Listed records ▸
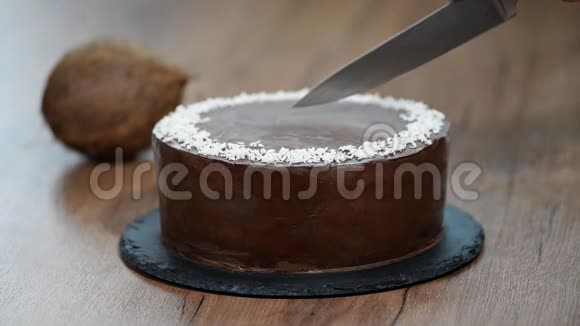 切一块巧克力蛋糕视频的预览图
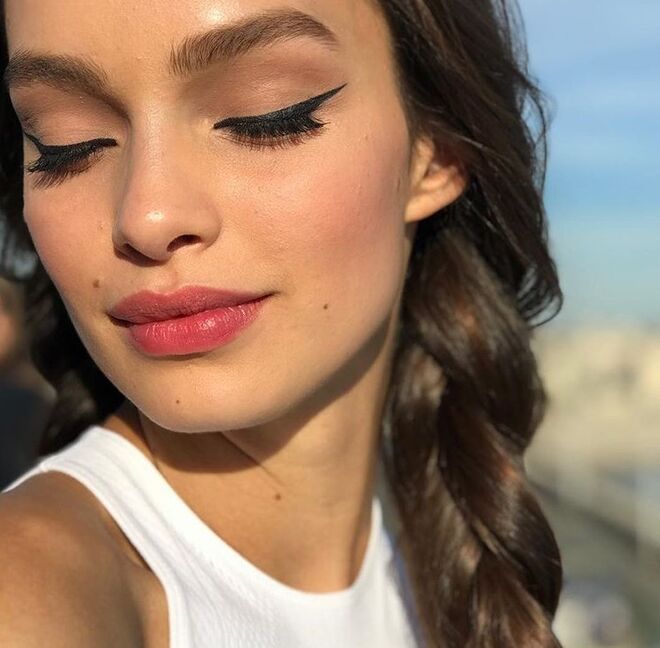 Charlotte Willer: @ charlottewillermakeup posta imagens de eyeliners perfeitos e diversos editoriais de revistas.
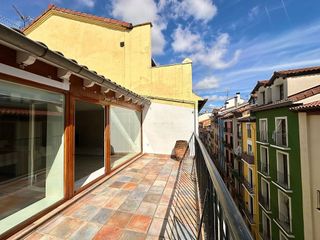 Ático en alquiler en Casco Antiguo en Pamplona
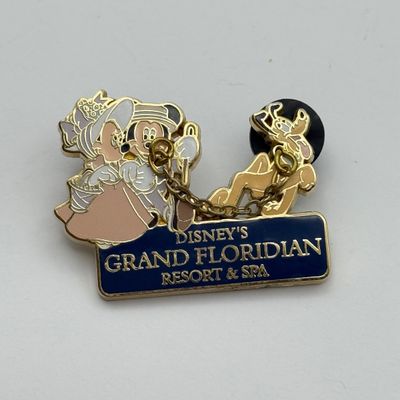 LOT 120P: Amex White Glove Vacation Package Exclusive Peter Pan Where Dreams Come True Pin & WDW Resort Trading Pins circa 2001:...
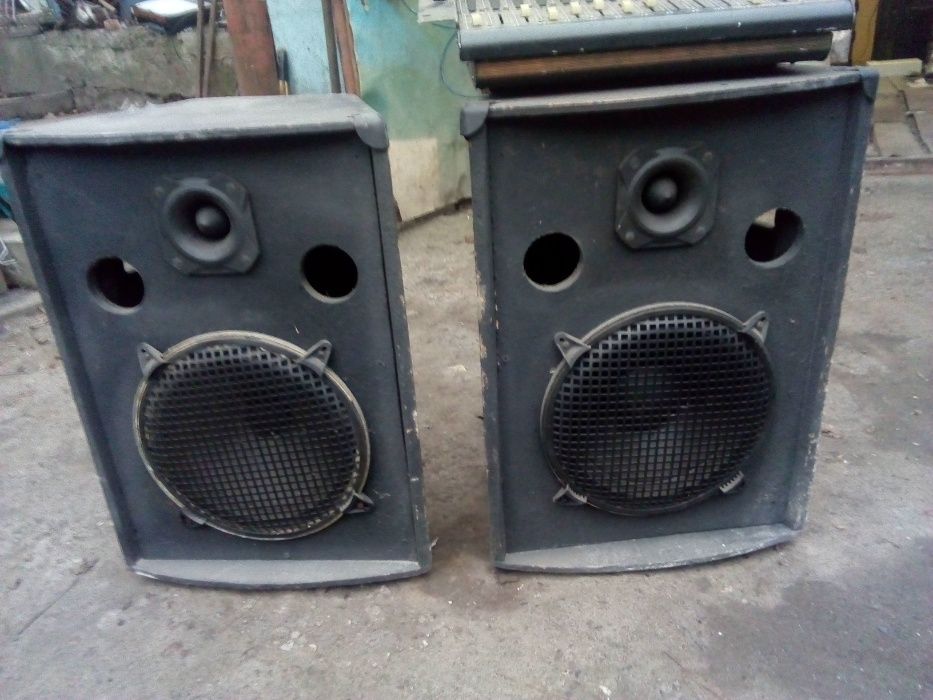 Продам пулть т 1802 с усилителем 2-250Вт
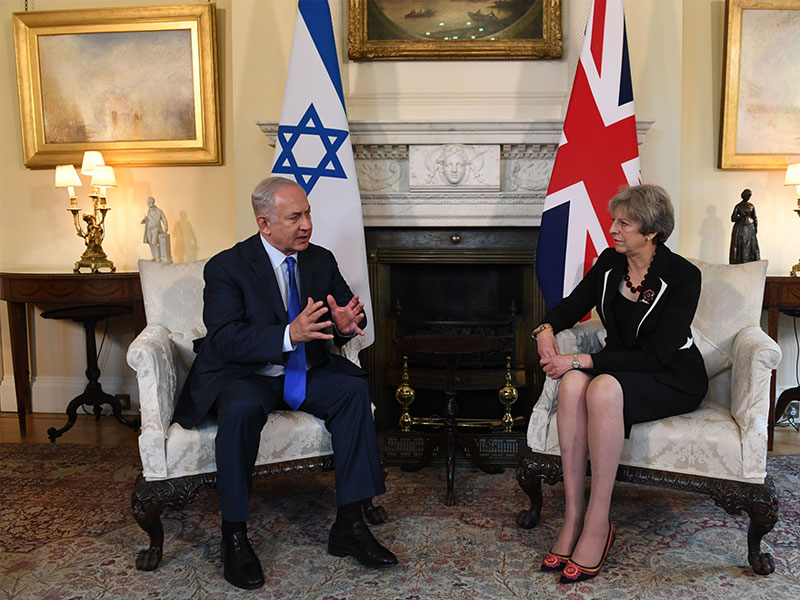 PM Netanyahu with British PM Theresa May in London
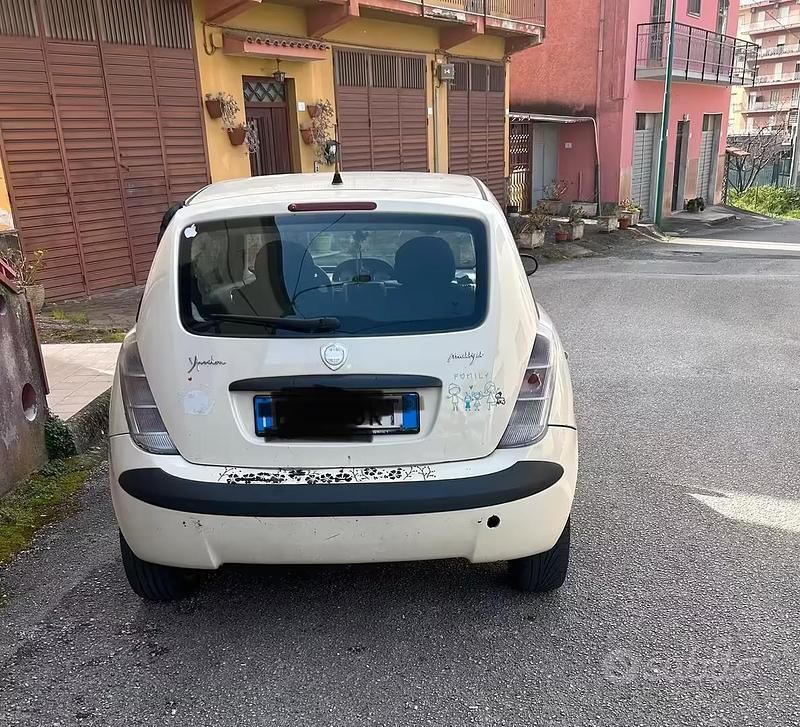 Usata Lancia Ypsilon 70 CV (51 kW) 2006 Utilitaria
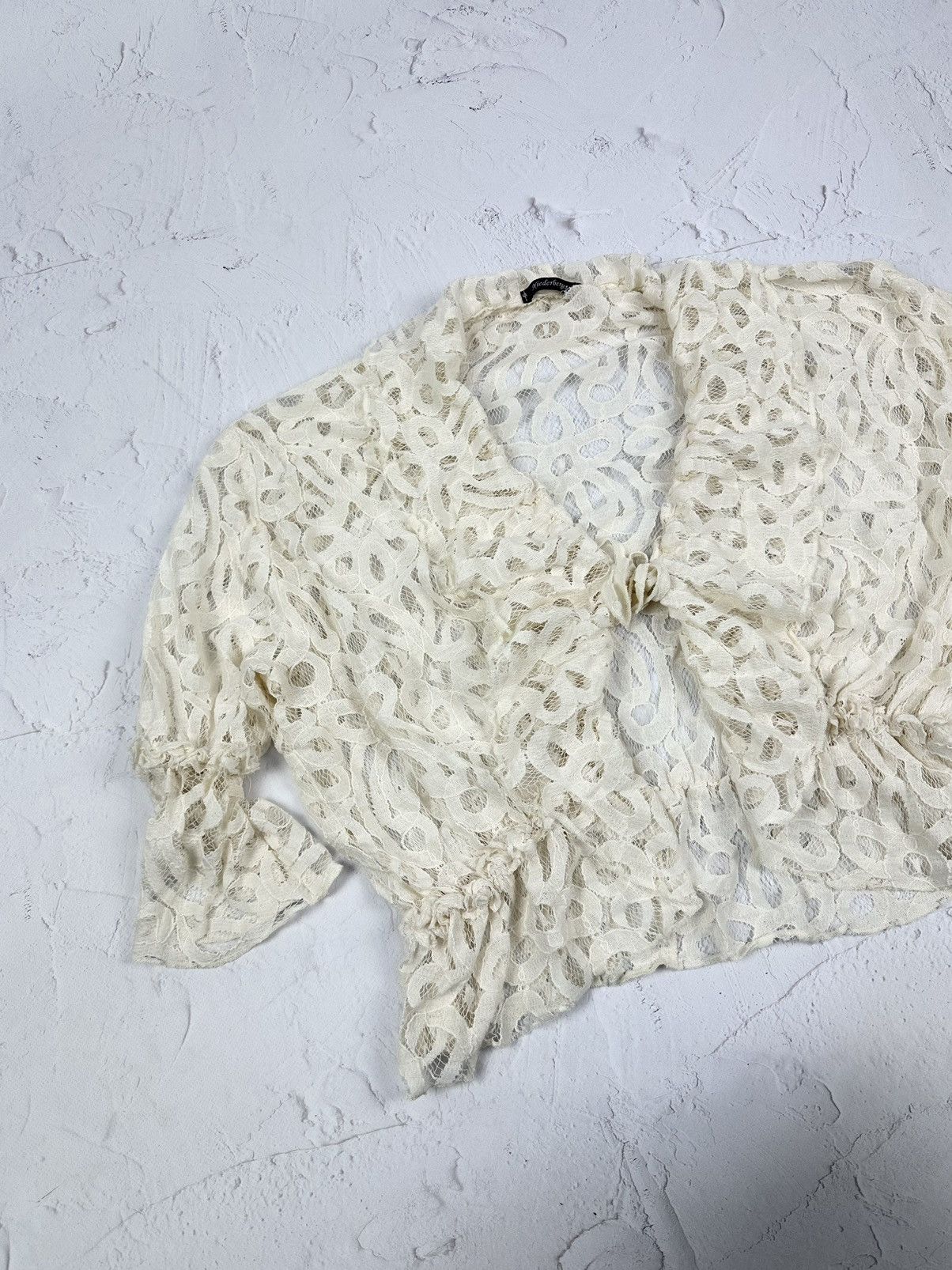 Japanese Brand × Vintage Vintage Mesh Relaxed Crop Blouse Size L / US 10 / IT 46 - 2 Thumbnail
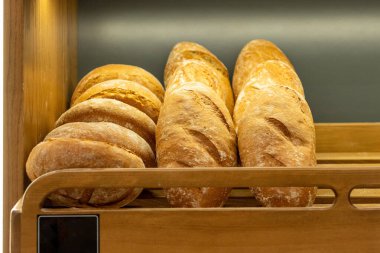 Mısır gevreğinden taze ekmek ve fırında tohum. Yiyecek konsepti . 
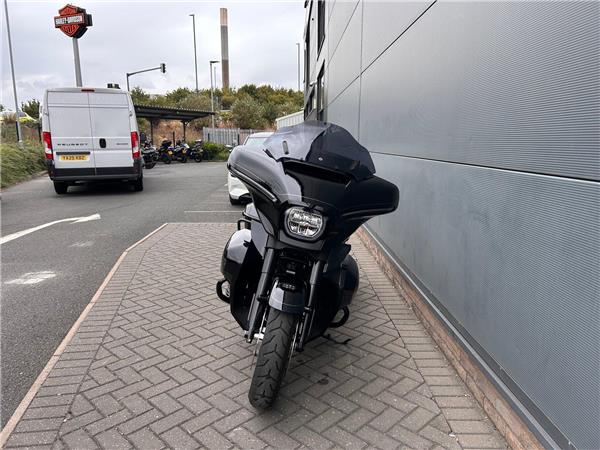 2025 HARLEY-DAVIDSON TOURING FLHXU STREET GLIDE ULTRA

The task ▸ Copy, word for word, the entries above from the first line to the line that holds "Japanese Brand ×". Drop the pictures.

Reply ▸
 切一块巧克力蛋糕视频的预览图
 Charlotte Willer: @ charlottewillermakeup posta imagens de eyeliners perfeitos e diversos editoriais de revistas.
 Ático en alquiler en Casco Antiguo en Pamplona
 LOT 120P: Amex White Glove Vacation Package Exclusive Peter Pan Where Dreams Come True Pin & WDW Resort Trading Pins circa 2001:...
 Продам пулть т 1802 с усилителем 2-250Вт
 PM Netanyahu with British PM Theresa May in London
 Usata Lancia Ypsilon 70 CV (51 kW) 2006 Utilitaria
 Japanese Brand × Vintage Vintage Mesh Relaxed Crop Blouse Size L / US 10 / IT 46 - 2 Thumbnail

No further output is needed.